• [ASSIGNMENT]
The lines below from the one with "CASCO ABUS STORMCHASER" up to and including the one with "TOP BEVERLY BLANCO" are what you should set down, exactly and without pictures.

• [INPUT RECORDS]
*** Block opens ***

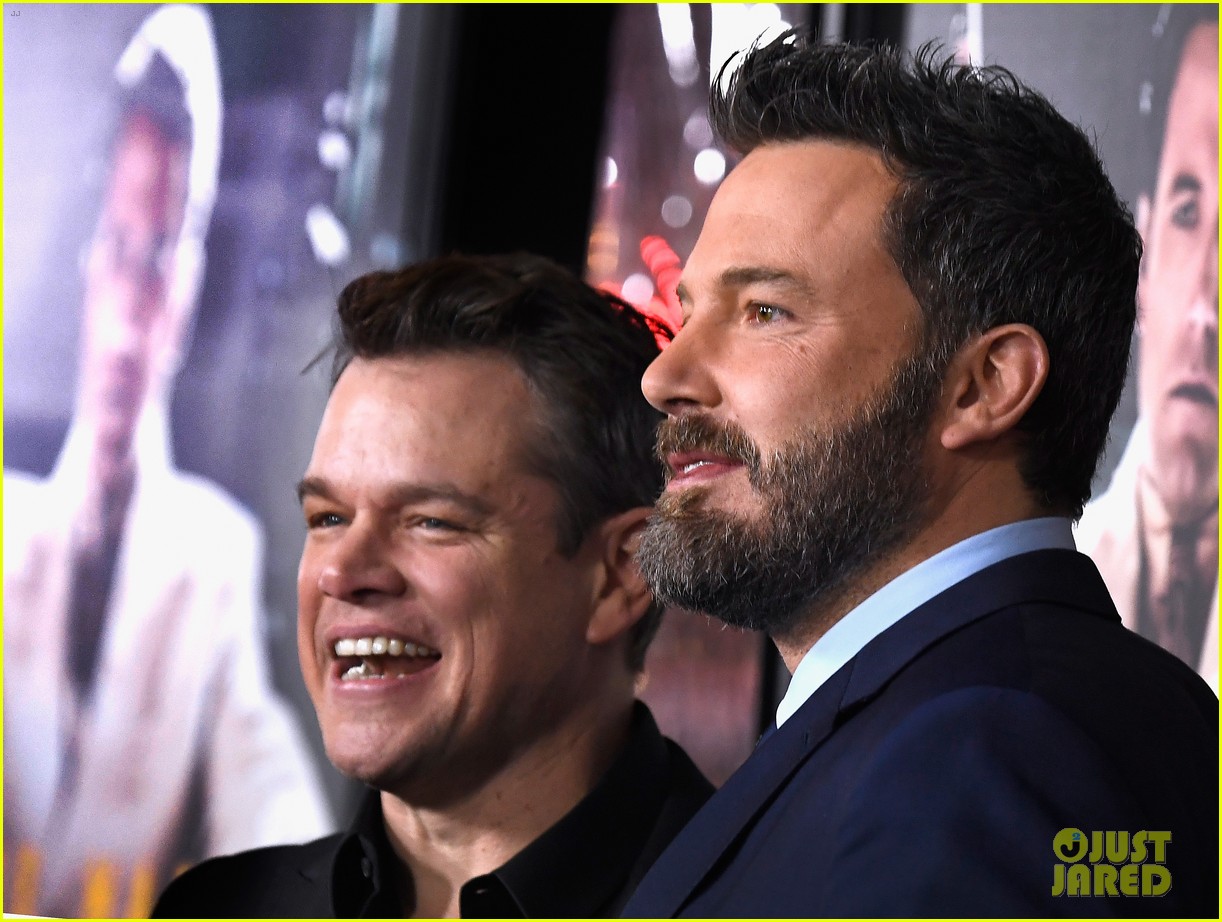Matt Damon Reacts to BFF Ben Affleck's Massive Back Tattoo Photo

*** Block closes ***
*** Block opens ***

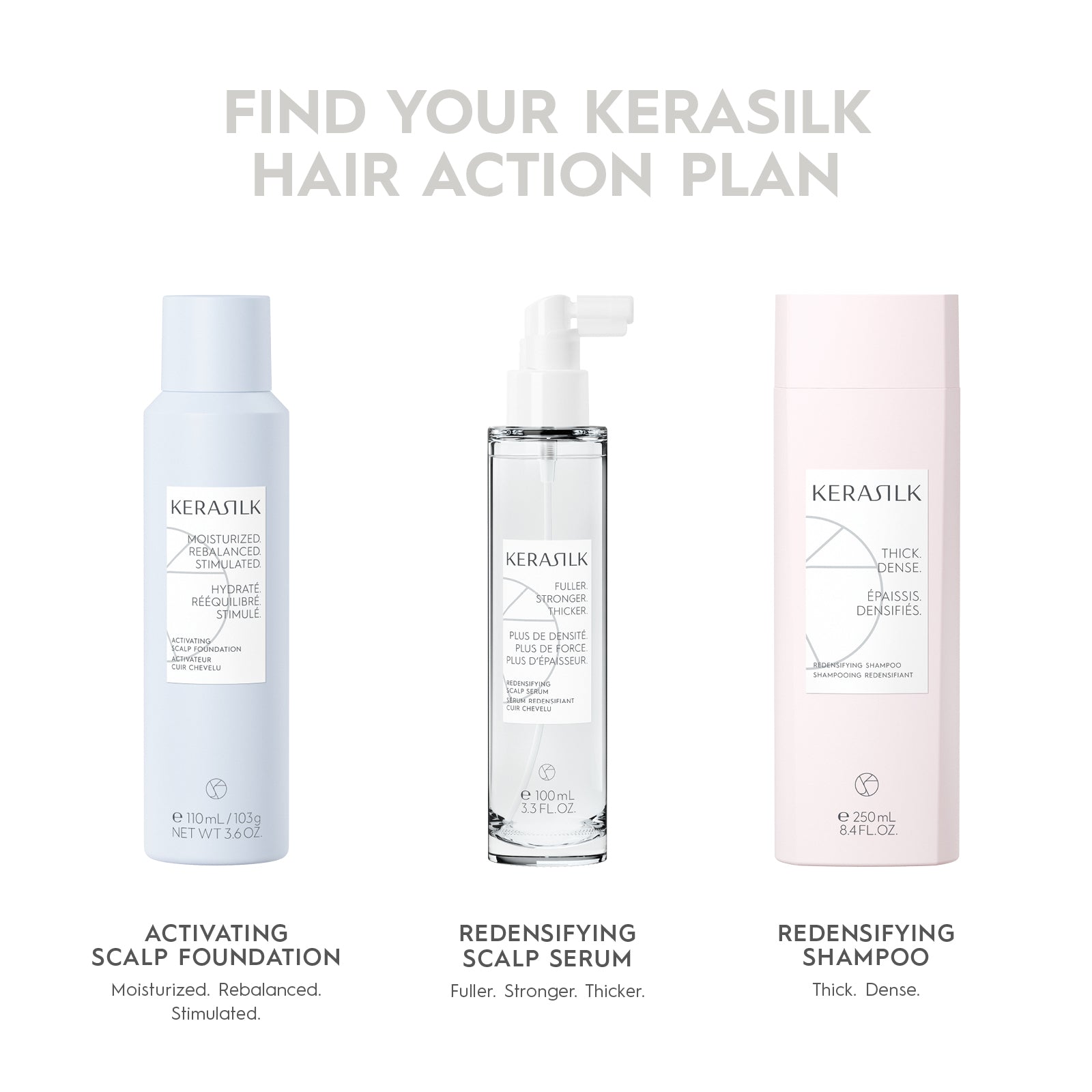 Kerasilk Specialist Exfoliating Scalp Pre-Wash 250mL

*** Block closes ***
*** Block opens ***

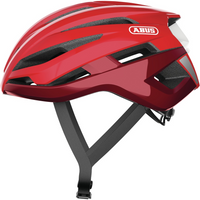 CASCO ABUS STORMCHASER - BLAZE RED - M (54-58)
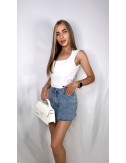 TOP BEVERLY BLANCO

*** Block closes ***

• [FINISHED EXERCISE]
 CASCO ABUS STORMCHASER - BLAZE RED - M (54-58)
 TOP BEVERLY BLANCO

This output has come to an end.